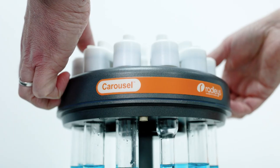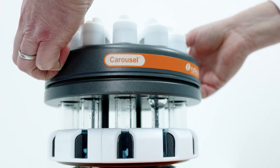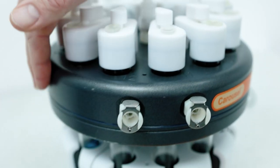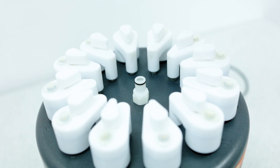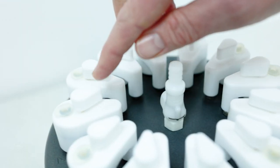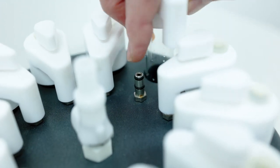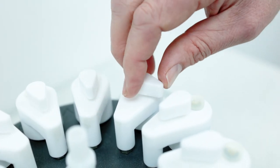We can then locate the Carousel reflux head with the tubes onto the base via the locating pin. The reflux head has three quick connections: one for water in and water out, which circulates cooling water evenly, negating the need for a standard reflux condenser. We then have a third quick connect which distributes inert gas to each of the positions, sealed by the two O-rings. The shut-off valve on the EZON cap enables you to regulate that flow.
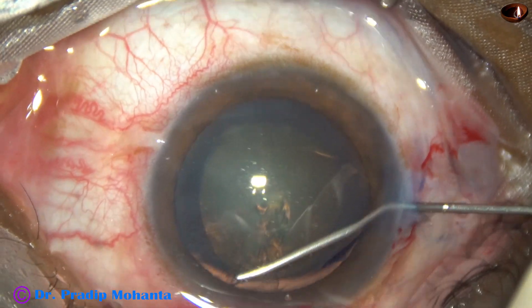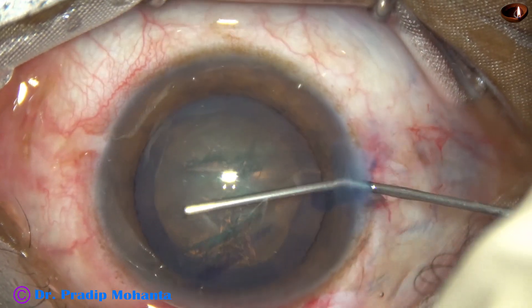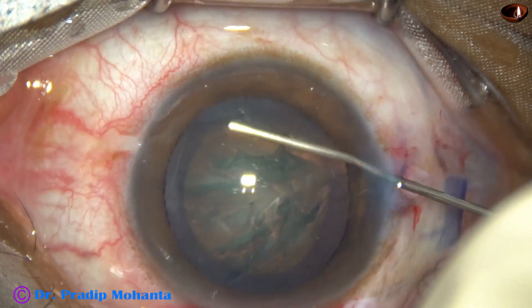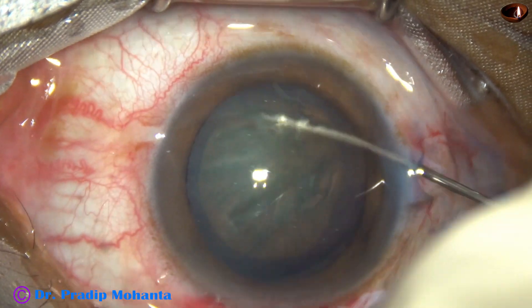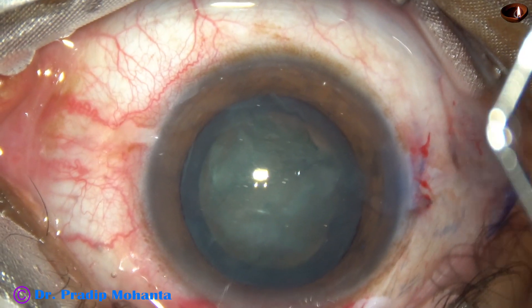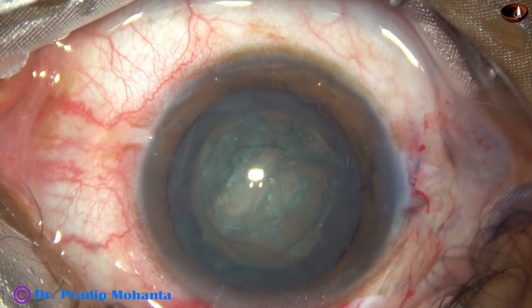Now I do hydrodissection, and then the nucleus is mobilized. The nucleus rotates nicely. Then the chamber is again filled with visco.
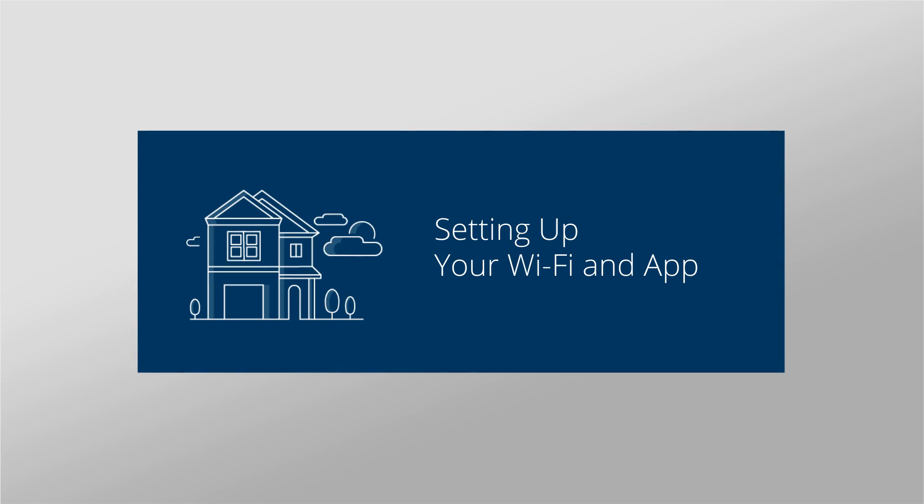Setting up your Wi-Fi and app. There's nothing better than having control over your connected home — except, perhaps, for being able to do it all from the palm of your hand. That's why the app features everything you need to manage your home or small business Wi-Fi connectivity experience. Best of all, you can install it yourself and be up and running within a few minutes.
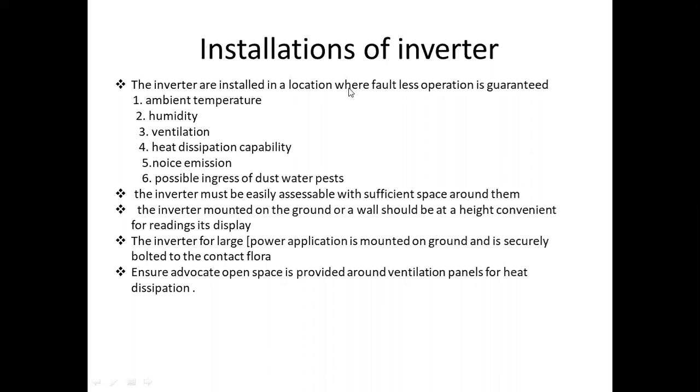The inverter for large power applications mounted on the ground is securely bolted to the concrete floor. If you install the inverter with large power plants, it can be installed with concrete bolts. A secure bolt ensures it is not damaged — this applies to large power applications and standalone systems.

What you are asked to do: Leave the images out and output the remaining material exactly as it stands.

Result of the task:
We can then locate the Carousel reflux head with the tubes onto the base via the locating pin. The reflux head has three quick connections: one for water in and water out, which circulates cooling water evenly, negating the need for a standard reflux condenser. We then have a third quick connect which distributes inert gas to each of the positions, sealed by the two O-rings. The shut-off valve on the EZON cap enables you to regulate that flow.
Now I do hydrodissection, and then the nucleus is mobilized. The nucleus rotates nicely. Then the chamber is again filled with visco.
Setting up your Wi-Fi and app. There's nothing better than having control over your connected home — except, perhaps, for being able to do it all from the palm of your hand. That's why the app features everything you need to manage your home or small business Wi-Fi connectivity experience. Best of all, you can install it yourself and be up and running within a few minutes.
The inverter for large power applications mounted on the ground is securely bolted to the concrete floor. If you install the inverter with large power plants, it can be installed with concrete bolts. A secure bolt ensures it is not damaged — this applies to large power applications and standalone systems.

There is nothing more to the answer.